Therefore, the invention provides a kind of spherical zeolite mesoporous composite material, wherein, the spherical zeolite mesoporous composite material
Meso-porous molecular sieve material containing zeolite, with three-dimensional cubic duct structure and the mesopore molecular sieve material with hexagonal hole road structure
Material, and the spherical zeolite mesoporous composite material average grain diameter be 20-50 micron, specific surface area for 150-600 square metres/
Gram, pore volume is 0.5-1.5 mls/g, and aperture is in bimodal distribution, and bimodal the first most probable pore size and second corresponding respectively is most
Can several apertures, first most probable pore size is less than second most probable pore size, and first most probable pore size receives for 2-5
Rice, second most probable pore size is 5-25 nanometers.
Present invention also offers a kind of method for preparing spherical zeolite mesoporous composite material, this method comprises the following steps:
(1) providing the meso-porous molecular sieve material with three-dimensional cubic duct structure or preparing has three-dimensional cubic duct knot
The filter cake of the meso-porous molecular sieve material of structure, is used as component a1;
(2) meso-porous molecular sieve material with hexagonal hole road structure is provided or prepared mesoporous with hexagonal hole road structure
The filter cake of molecular screen material, is used as component a2;
(3) provide silica gel or prepare the filter cake of silica gel, be used as component b;
(4) the component a1, the component a2, the component b and zeolite are mixed and ball milling, and will be obtained after ball milling
Obtained slurry, is then spray-dried by the solid powder arrived water slurrying;
Wherein, the component a1 and the component a2 make it that the average grain diameter of the spherical zeolite mesoporous composite material is
20-50 microns, specific surface area is 150-600 meters squared per grams, and pore volume is 0.5-1.5 mls/g, and aperture is in bimodal distribution, and
Bimodal to correspond to the first most probable pore size, the second most probable pore size respectively, first most probable pore size most may be used less than described second
Several apertures, and first most probable pore size is 2-5 nanometers, second most probable pore size is 5-25 nanometers.The present invention is also carried
The spherical zeolite mesoporous composite material prepared by the above method is supplied.
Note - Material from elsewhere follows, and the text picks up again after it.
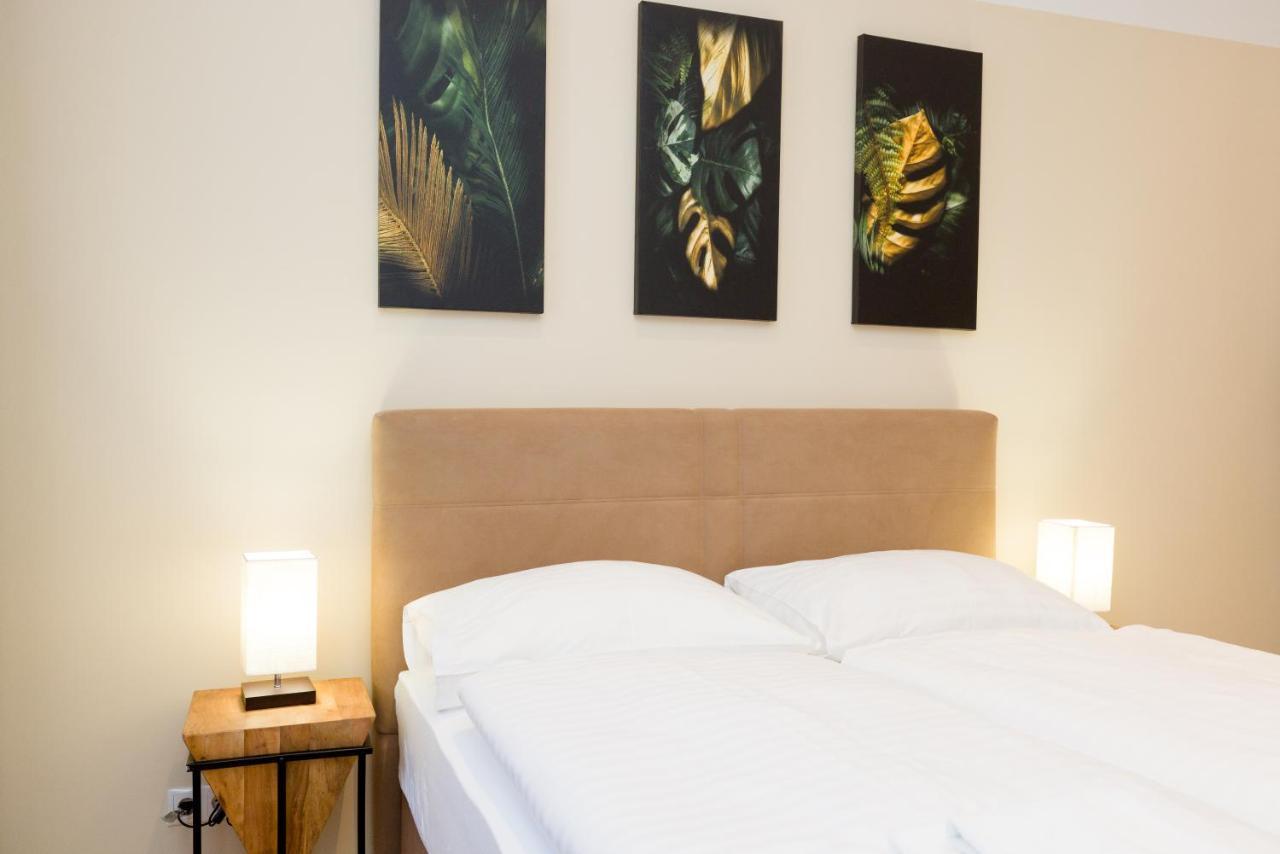 Vienna Stay Apartments Pezzl 1170 Buitenkant foto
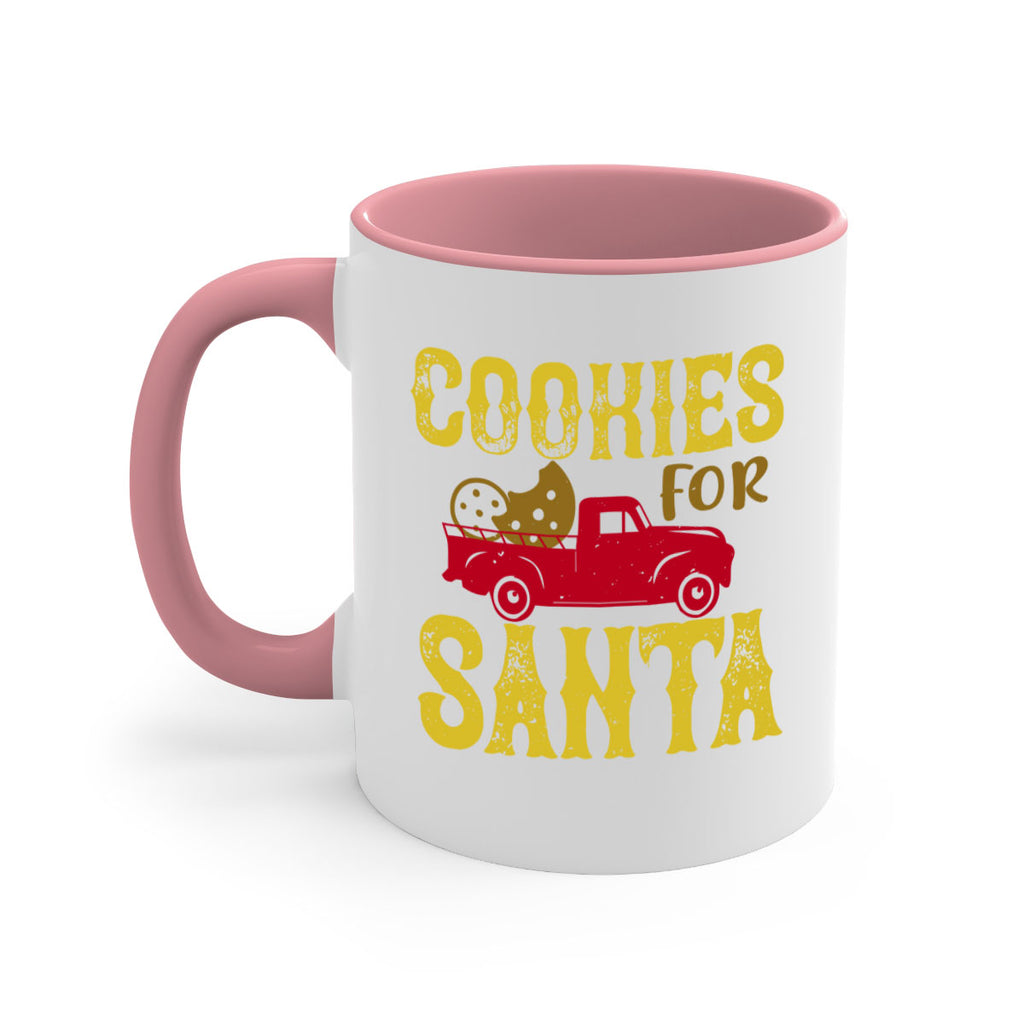 cookies for santa 334#- christmas-Mug / Coffee Cup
Present invention also offers a kind of loaded catalyst, the catalyst contains the benzene of carrier and load on the carrier
Sulfonic acid, wherein, the carrier is the spherical zeolite mesoporous composite material according to the present invention.
Present invention also offers a kind of method for preparing loaded catalyst, this method includes:By carrier, benzene sulfonic acid and water
It is well mixed, and obtained mixture is spray-dried, wherein, the carrier is the spherical zeolite according to the present invention
Mesoporous composite material.
Present invention also offers the loaded catalyst prepared by the above method.
Present invention also offers application of the above-mentioned loaded catalyst in ketal reaction.
Present invention also offers one kind 2,2- dimethyl -4- methyl isophthalic acids, the preparation method of 3- dioxolanes, this method bag
Include:In the presence of a catalyst, under conditions of ketal reaction, oxidation cyclopropane and acetone are contacted, to obtain 2,2- diformazans
Base -4- methyl isophthalic acids, 3- dioxolanes, wherein, the catalyst is the above-mentioned loaded catalyst according to the present invention.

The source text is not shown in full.